Adverse drug reaction reporting in a multicenter surveillance study

Abstract

Objective: To evaluate the performance of a multicenter, prospective surveillance program in identifying adverse events, and to seek explanations for misclassification bias.

Design: The design was a prospective observational study of patients with documented or suspected bacterial pneumonia.

Setting: Data were collected in 74 acute care hospitals across the US.

Patients: This evaluation was based on a consecutive sample of 1822 adult patients (> 18 years of age) with documented or suspected bacterial pneumonia who were being treated with a cephalosporin, a penicillin, or an aminoglycoside over a 3-month period. Patients were followed for the duration of antibiotic therapy and were excluded if antibiotic therapy was < 3 days or if the pneumonia was judged to be nonbacterial.

Interventions: Clinical pharmacists documented patient demographics, concurrent illnesses and medications, antibiotic administration, relevant laboratory data, and the occurrence of nephrotoxicity and neutropenia.

Main outcome measures: Validity of investigators' identification of neutropenia and nephrotoxicity as compared with objective laboratory data was assessed by using sensitivity, specificity, and positive and negative predictive value measures.

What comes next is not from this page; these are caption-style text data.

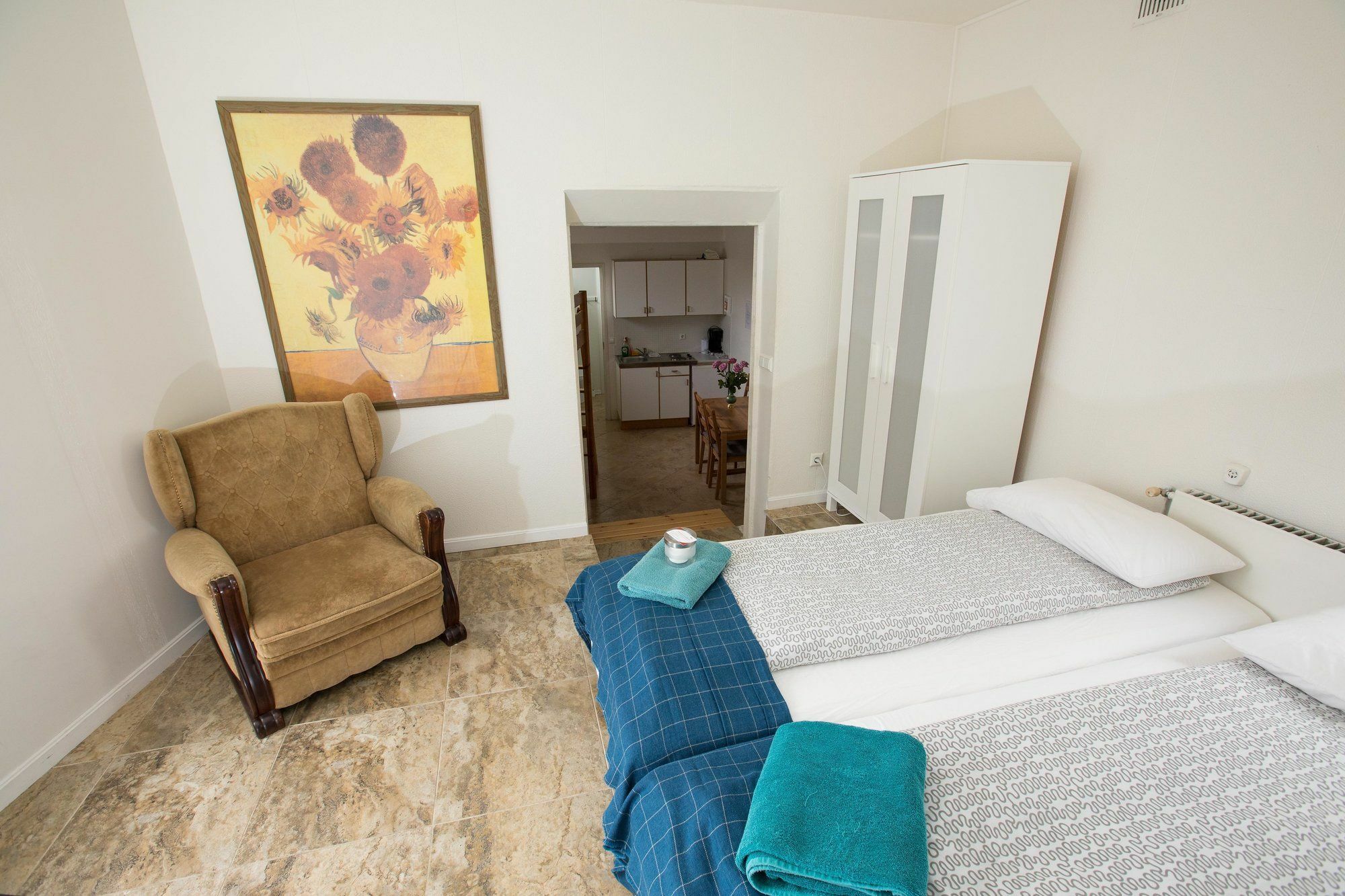 Central Guesthouse Reykjavik Guest house 2*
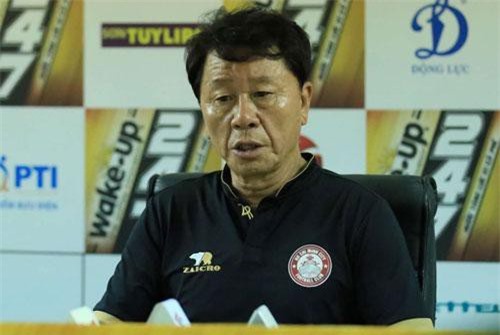 HLV Chung Hae-seong phát biểu 'sốc' về quãng thời gian làm việc ở HAGL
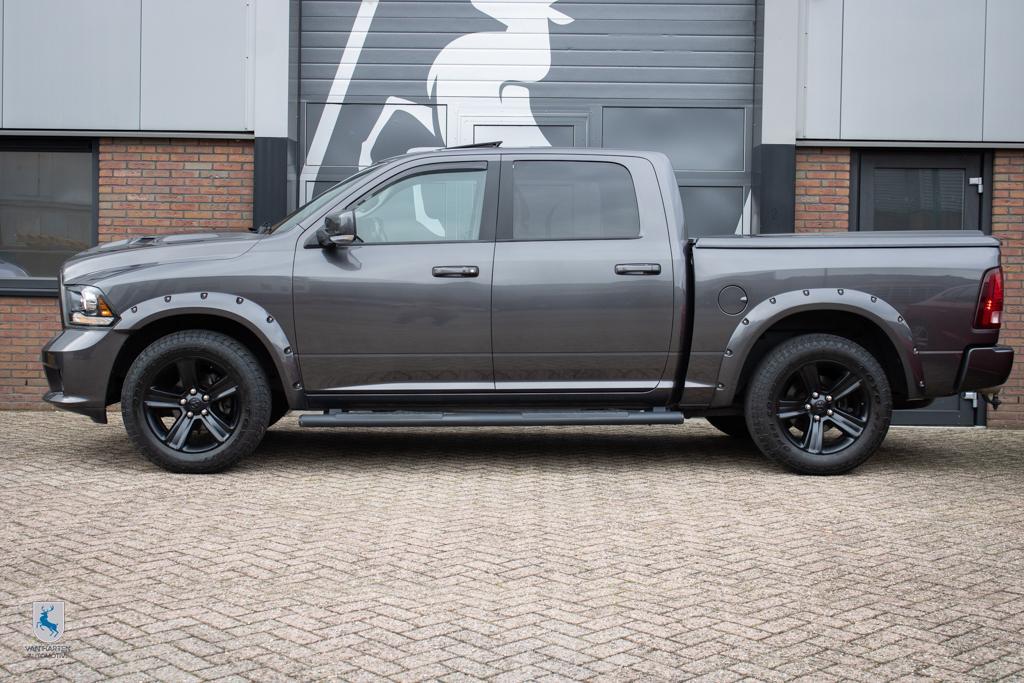 Dodge Ram 1500 5.7 V8 Quad Cab 6'4 / Lage Bijtelling / 300L, Auto's, Dodge, Automaat, Gebruikt, Origineel Nederlands, Bedrijf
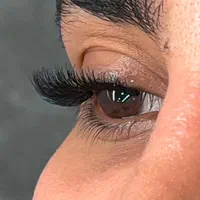 انجام تمامی مدلهای کاشت مژه|خدمات آرایشگری و زیبایی|اصفهان, شاهزید|دیوار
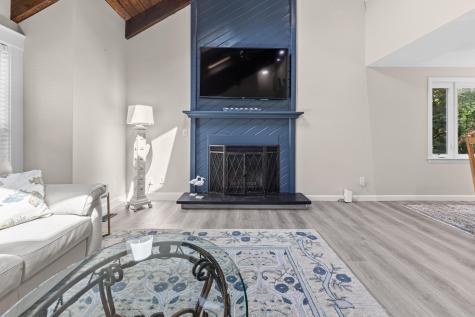 16 Alder Lane North Falmouth MA 02556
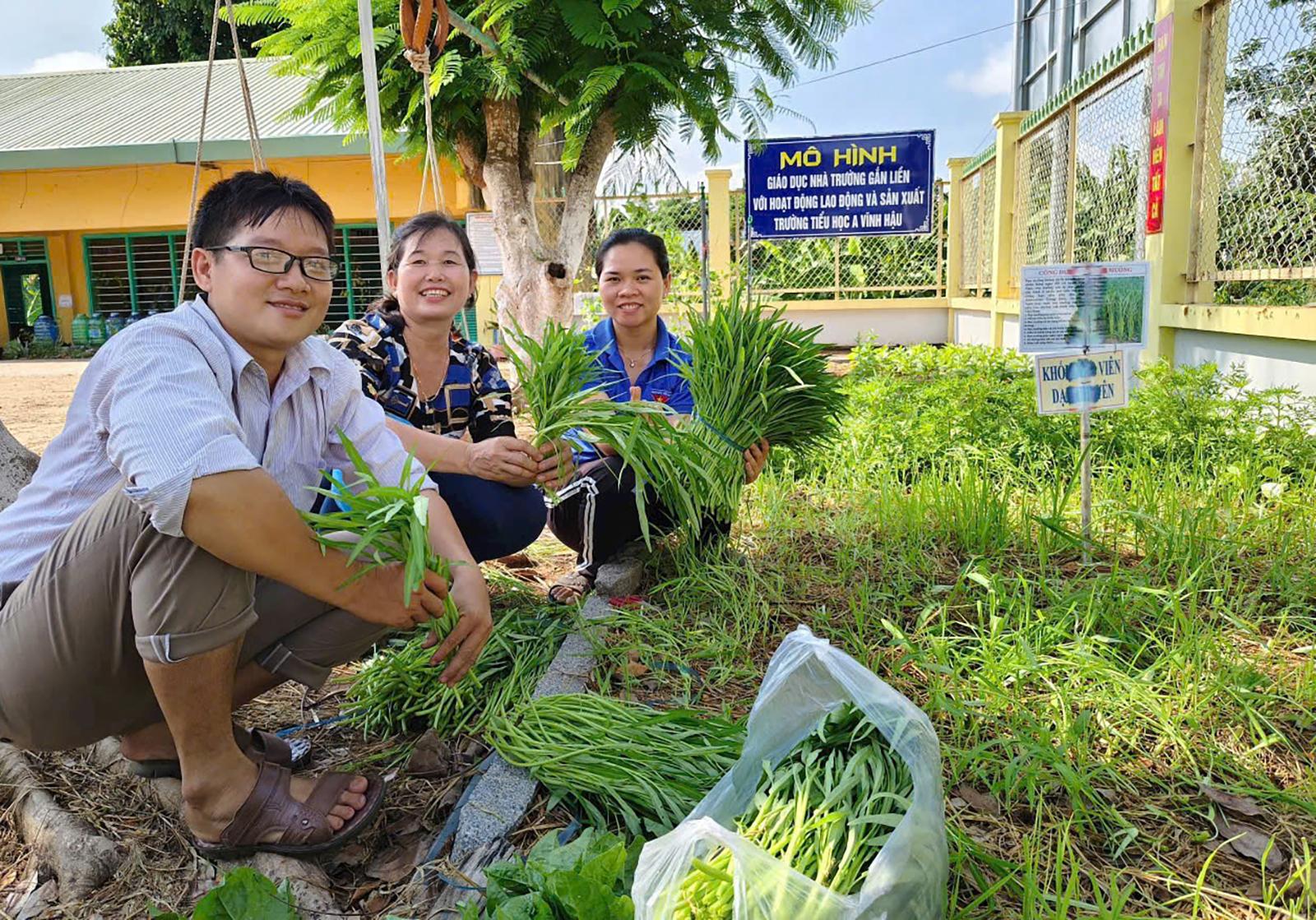 Gieo mầm nhân cách, vun trồng tương lai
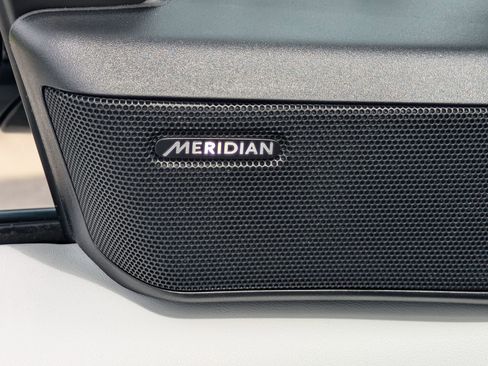 New 2025 Land Rover Range Rover Sport SE image 22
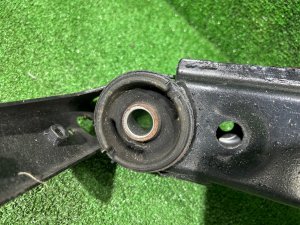 リアメンバー SUBARU LEGACY LANCASTER OEM 20152AE001 BHE BH9 BH5 BE5 BE9 BEE 2002 EZ30 AT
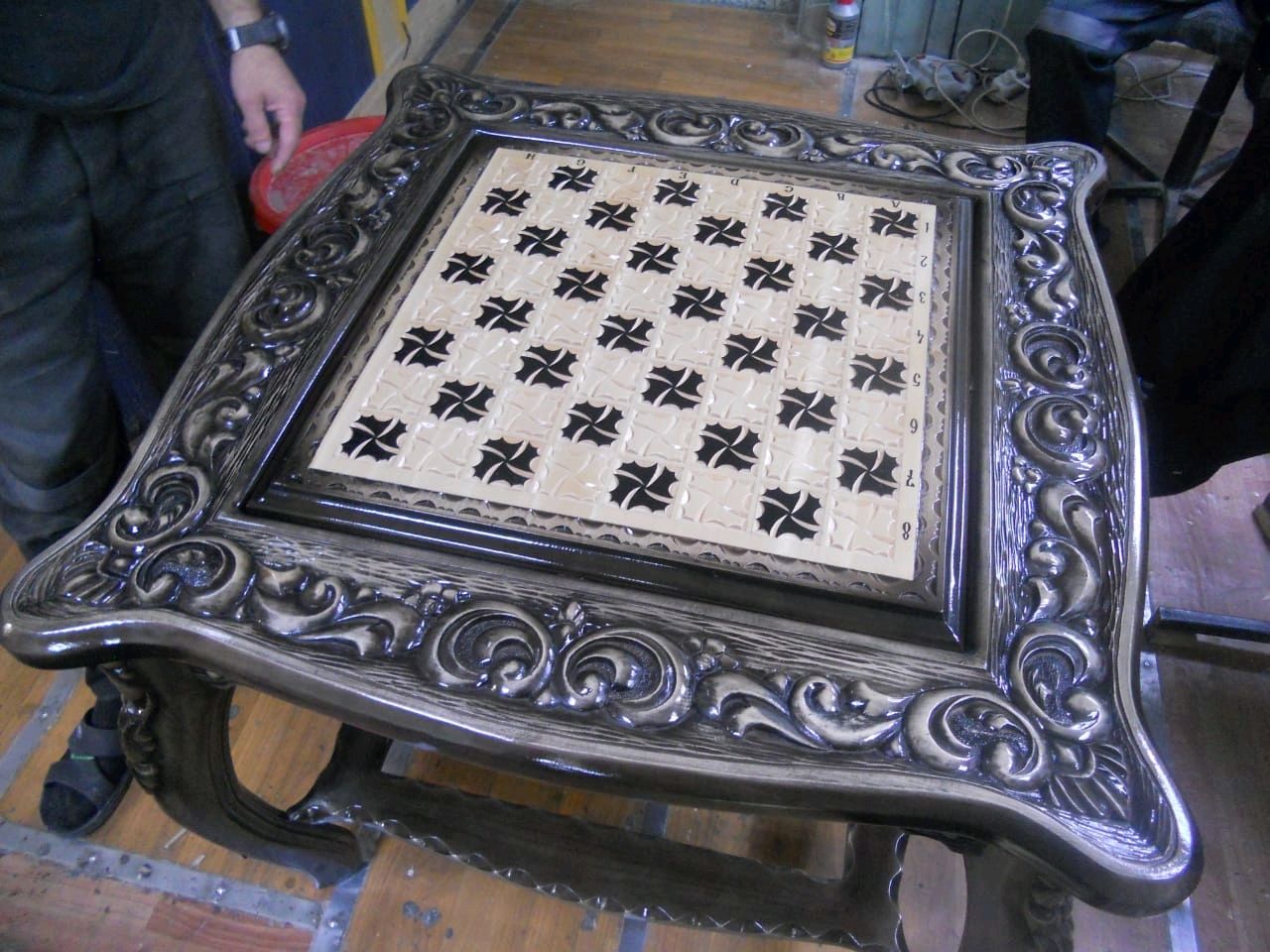 резной шахматный столик из дерева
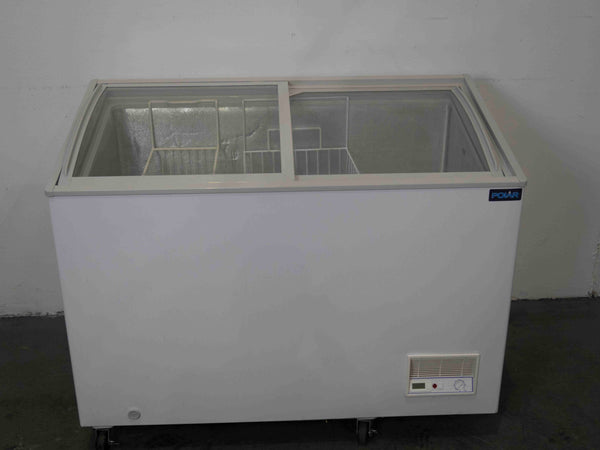 Polar CM434-A - Chest Freezer (2)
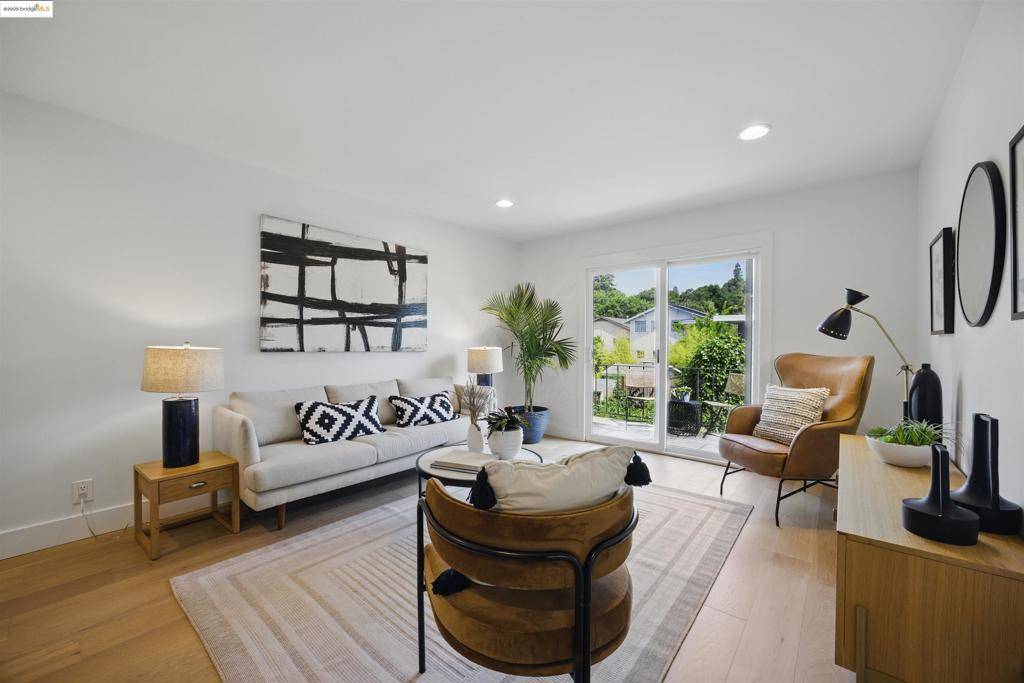 Oakland, CA 94602,2028 Damuth St #4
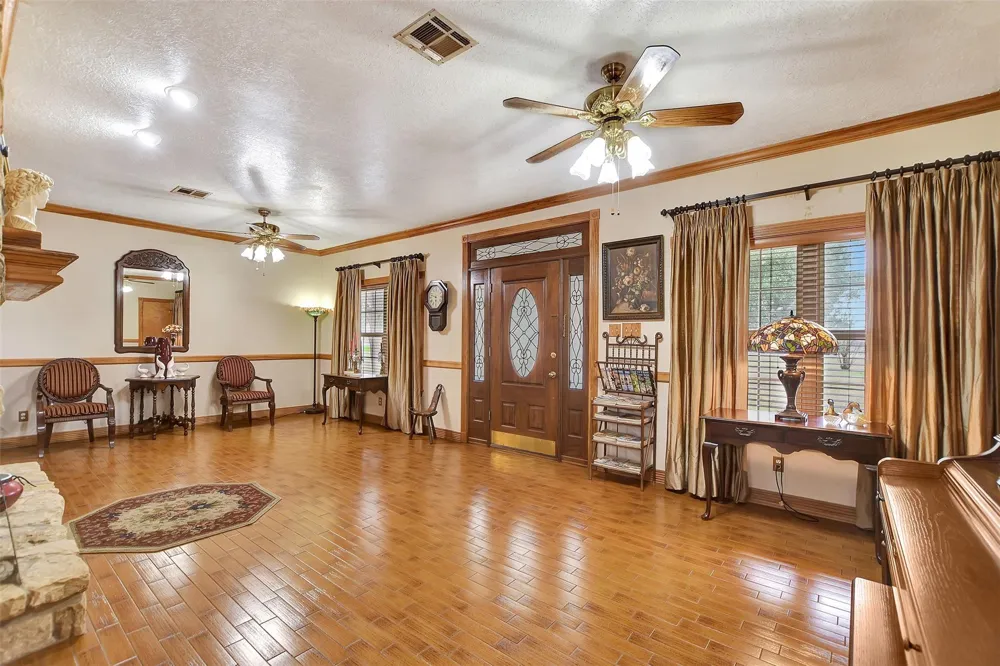 9310 S Business 6 Navasota, TX 77868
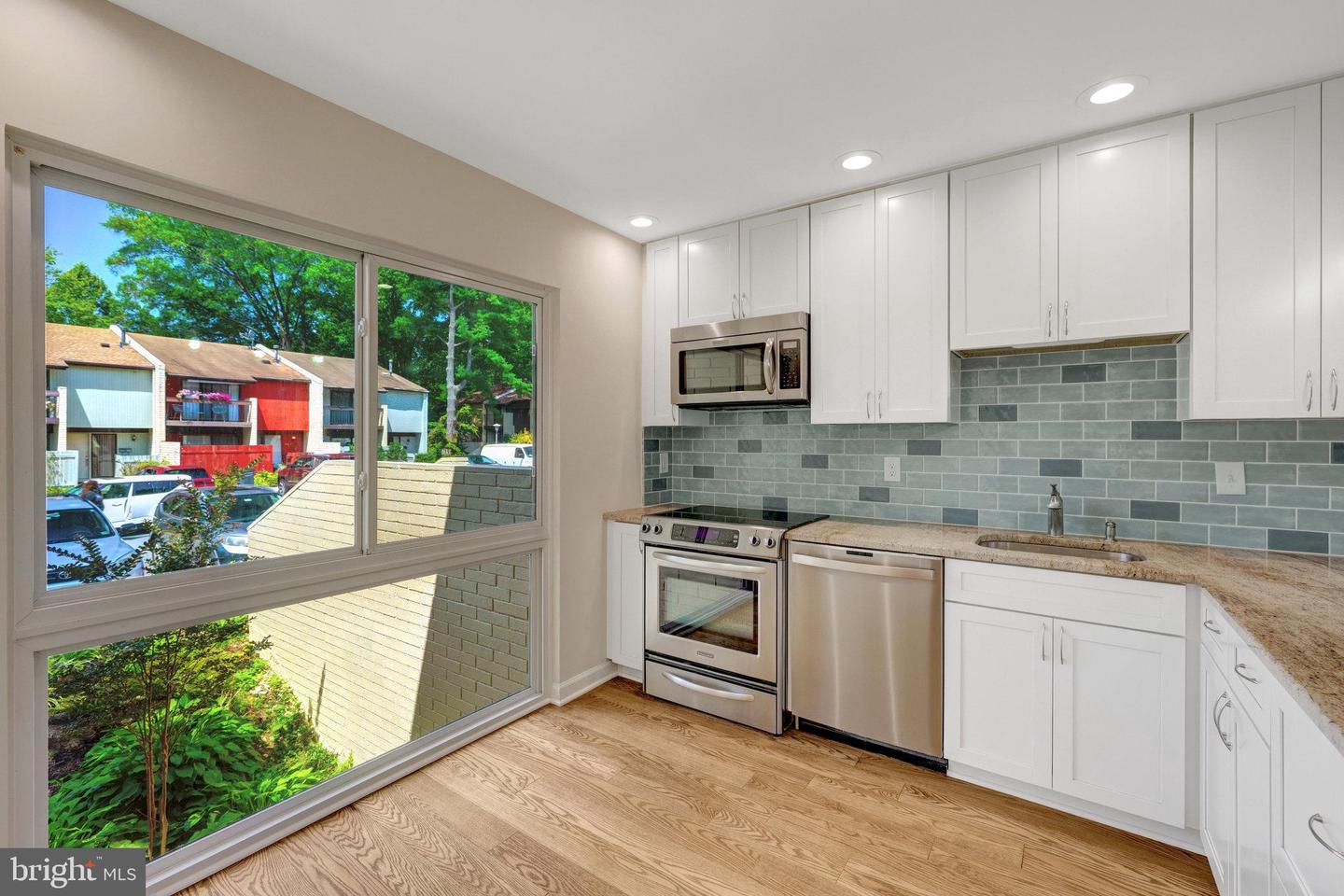 11136 SAFFOLD WAY, RESTON, Virginia 20190, 3 Bedrooms Bedrooms, ,2 BathroomsBathrooms,Residential,For sale,11136 SAFFOLD WAY,VAFX2250172 MLS # VAFX2250172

Results: Among the 1502 patients with sufficient data to evaluate neutropenia, there was agreement in 1270 patients (84.6%); likewise, among 1291 patients with sufficient data to evaluate nephrotoxicity there was agreement in 1186 patients (91.9%). Sensitivity of the researchers' assessments was 50.9% and 71.0% for neutropenia and nephrotoxicity, respectively. The negative predictive value was > 95% for both events.

Conclusions: Overall, this evaluation demonstrated that the Drug Surveillance Network can successfully identify targeted adverse events. Moreover, this study highlights the importance of validation for all types of outcomes-oriented research studies.